WINNER OF THE LAMBDA LITERARY AWARD • LONGLISTED FOR THE NATIONAL BOOK AWARD • FINALIST FOR THE NATIONAL JEWISH BOOK AWARD • LONGLISTED FOR THE ANDREW CARNEGIE MEDAL
ONE OF THE TEN BEST BOOKS OF THE YEAR: People
ONE OF THE BEST BOOKS OF THE YEAR: Time, NPR, Oprah Daily, The Washington Post, The Boston Globe, Esquire, Vulture, She Reads, Book Riot, Publishers Weekly

One spring morning, Kathryn Schulz went to lunch with a stranger and fell in love. Having spent years looking for the right relationship, she was dazzled by how swiftly everything changed when she finally met her future wife. But as the two of them began building a life together, Schulz’s beloved father—a charming, brilliant, absentminded Jewish refugee—went into the hospital with a minor heart condition and never came out. Newly in love yet also newly bereft, Schulz was left contending simultaneously with wild joy and terrible grief.

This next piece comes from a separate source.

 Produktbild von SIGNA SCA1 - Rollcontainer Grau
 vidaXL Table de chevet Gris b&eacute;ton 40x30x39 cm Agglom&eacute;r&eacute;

Those twin experiences form the heart of Lost & Found, a profound meditation on the families that make us and the families we make. But Schulz’s book also explores how disappearance and discovery shape us all. On average, we each lose two hundred thousand objects over our lifetime, and Schulz brilliantly illuminates the relationship between those everyday losses and our most devastating ones. Likewise, she explores the importance of seeking, whether for ancient ruins or new ideas, friends, faith, meaning, or love. The resulting book is part memoir, part guidebook to sustaining wonder and gratitude even in the face of loss and grief. A staff writer at The New Yorker and winner of the Pulitzer Prize, Schulz writes with curiosity, tenderness, and humor about the connections between joy and sorrow—and between us all.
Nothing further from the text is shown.